Established GlyNAC effects on glutathione restoration, mitochondrial function, oxidative stress, and metabolic markers in multiple populations and species. Animal studies showed GlyNAC improved age-related deficits in aged mice including GSH, MFO, insulin resistance. Foundation for the pivotal 2022 RCT that translated preclinical findings to randomized human evidence.
About this ingredient
GlyNAC is a defined combination of GLYCINE (the simplest amino acid; ~100 mg/kg/day in studied protocol) and N-ACETYLCYSTEINE (NAC; ~135 mg/kg/day) developed and studied primarily by Dr. Rajagopal Sekhar at Baylor College of Medicine over ~20 years of translational research. Glycine and NAC together provide the rate-limiting precursors for glutathione (GSH = γ-L-glutamyl-L-cysteinyl-glycine) — the body's main intracellular antioxidant.
CYSTEINE is delivered as NAC because: (1) free cysteine is unstable and rapidly oxidized in solution, (2) NAC is well-absorbed orally and de-acetylated in cells to provide cysteine, (3) NAC has decades of clinical safety as FDA-approved drug for acetaminophen overdose. GLYCINE is delivered as free amino acid — sweet-tasting, water-soluble, safe at high doses. Sekhar's research identified that AGING IS ASSOCIATED WITH GSH DEFICIENCY in older adults (red cells, muscle), and that this deficiency is PRECURSOR-LIMITED rather than enzymatically limited.
Providing both glycine and cysteine (as NAC) restores GSH synthesis to youthful levels. The downstream effects — improved mitochondrial function, reduced oxidative stress, improved insulin sensitivity, reduced inflammation, improved physical function — flow from this central biochemical correction. EVIDENCE: 3/5 reflects: (1) Sekhar 2022 PMID 35975308 PIVOTAL 16-week RCT in 24 older adults with substantial improvements across multiple endpoints, (2) Sekhar 2024 PMC11688924 postprandial protection RCT, (3) extensive earlier pilot studies and animal evidence (aged mice, HIV premature aging), (4) clear, well-characterized mechanism (GSH precursor delivery), (5) reasonable safety profile across studies.
LIMITED BY: single-research-team evidence base (Sekhar lab dominates; need independent replication), modest sample size in pivotal RCT (n=24 receiving treatment), limited duration (16 weeks max), aging hallmarks improvements need longer follow-up to assess durability.
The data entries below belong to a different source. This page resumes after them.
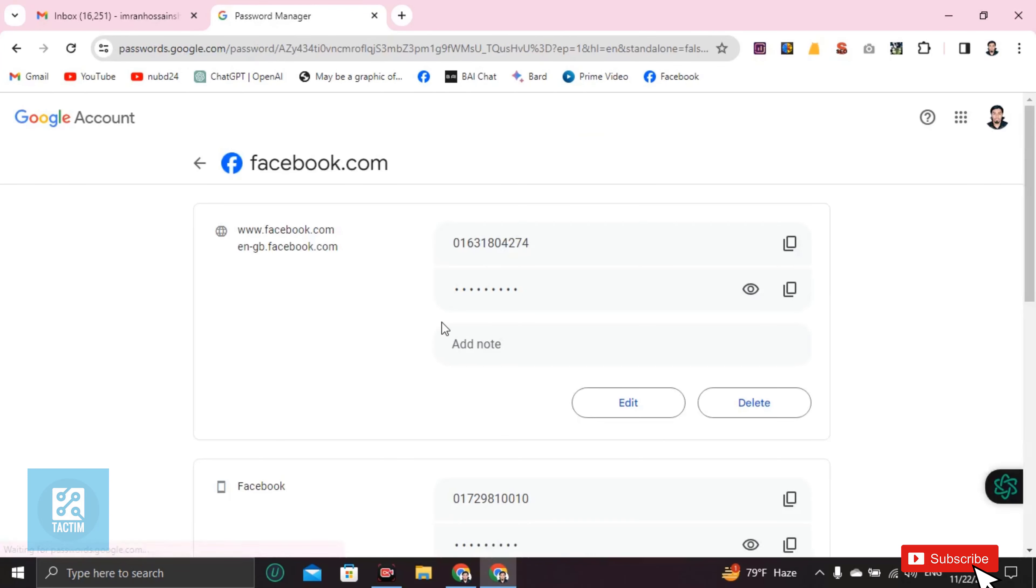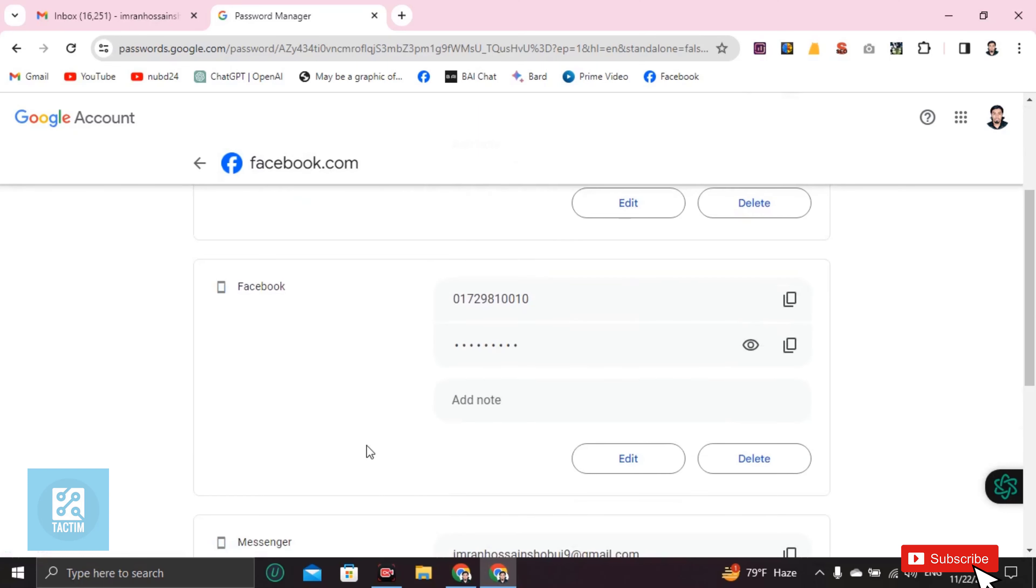Now you'll be able to find your Facebook email and or number or password. If you click on this i button, you can see your Facebook password.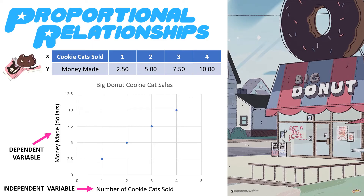Now, what does this mean? If I look at this particular graph and I'm looking at this highlighted point, that dot tells me that if I sell four cookie cats, I'm going to make $10. You need to be able to understand that relationship.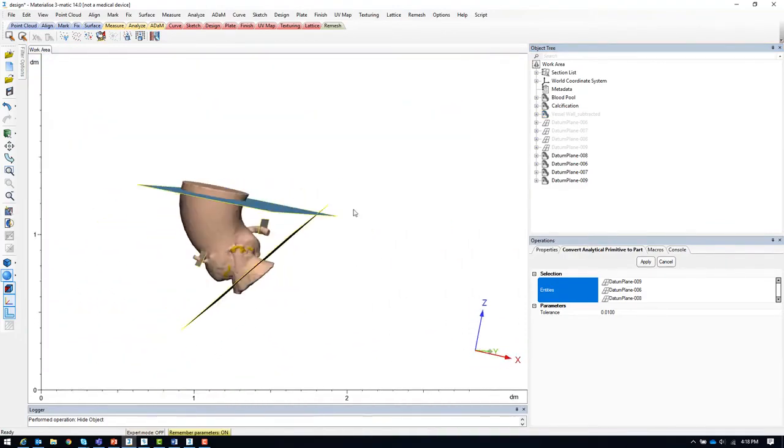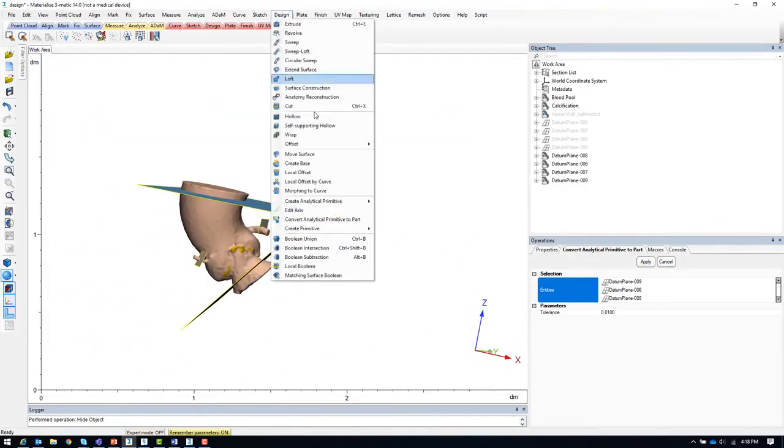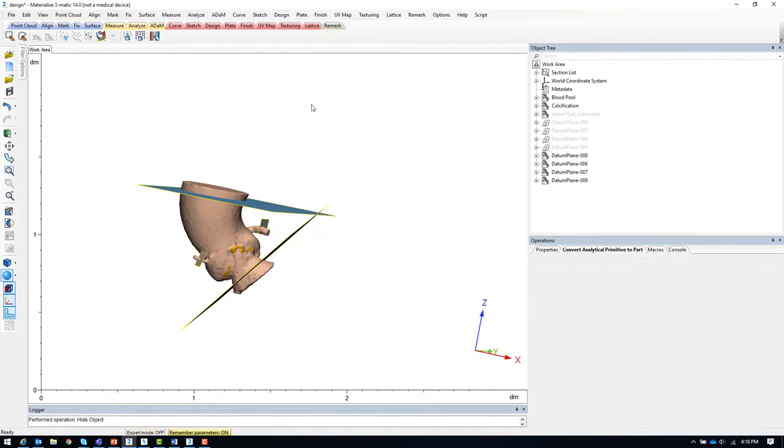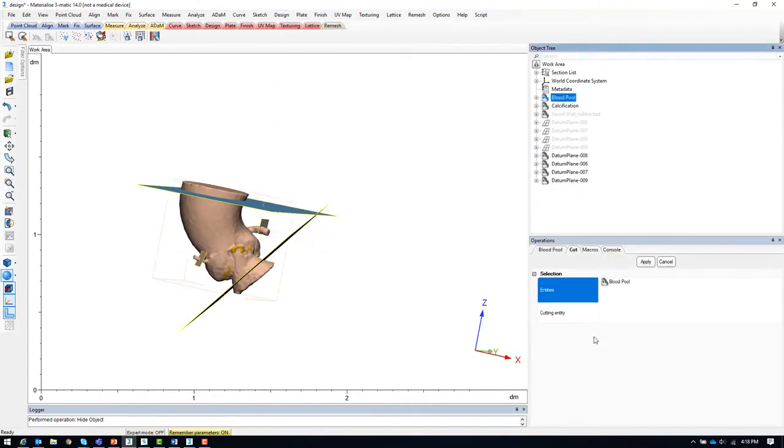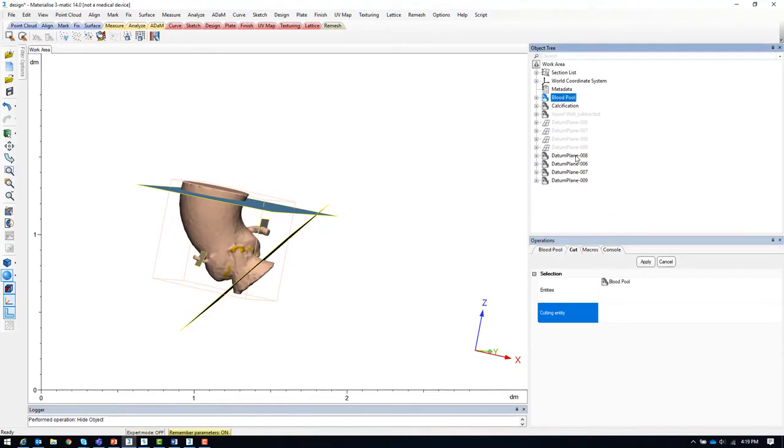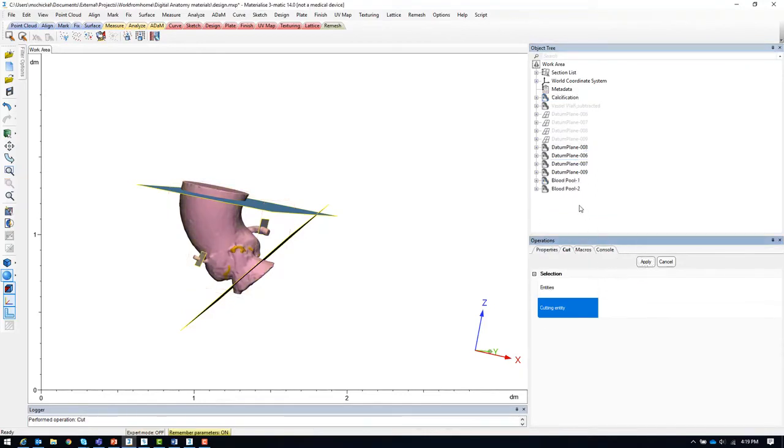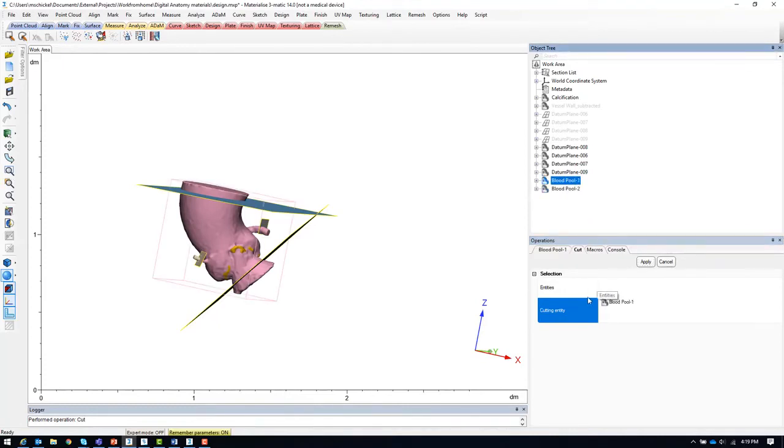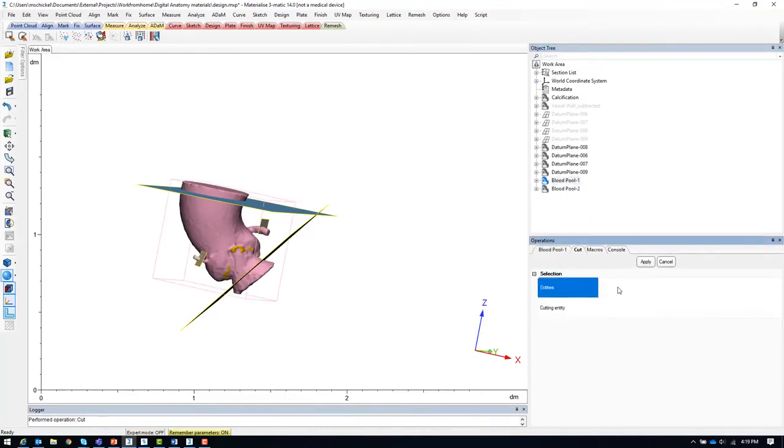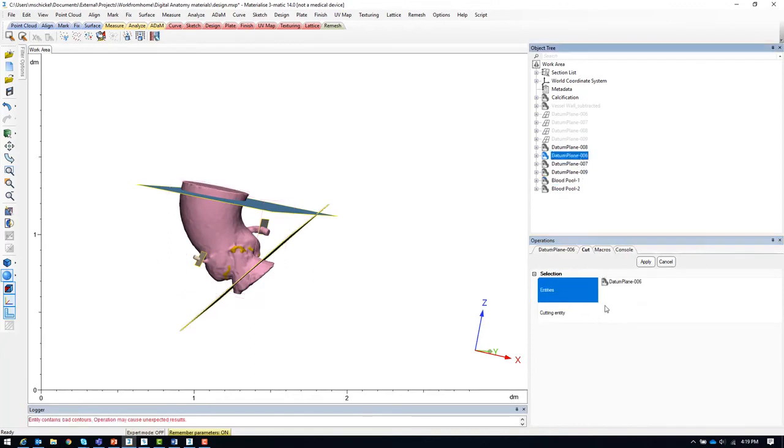To perform the cutting, we will use the cut tool, selecting the blood pool and one of the datum plane surfaces at a time. This will create two new parts. We'll throw out the small one and continue cutting the larger of the blood pool parts with another datum plane surface.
SAFETY: Generally well-tolerated with no significant adverse effects in trials. Best positioned as: (a) HEALTHSPAN / LONGEVITY SUPPLEMENT for adults 50+ years interested in aging research-based interventions, (b) MITOCHONDRIAL SUPPORT for those with fatigue or metabolic concerns related to aging, (c) GLUTATHIONE RESTORATION for those interested in antioxidant capacity, (d) ADJUNCT for metabolic syndrome/insulin resistance management (HOMA-IR improvement supportive), (e) functional improvement target (gait speed, strength) in older adults concerned about physical decline.
Honest framing: among the most promising 'longevity' supplements with HUMAN RCT evidence (vs preclinical-only NMN, NR, etc.) — but the evidence base is dominated by one research team and warrants independent replication. The mechanism is biochemically sound and the magnitude of effects in Sekhar's trial is substantial. Reasonable evidence-based bet for adults concerned about aging-related declines, with appropriate epistemic humility about single-team replication.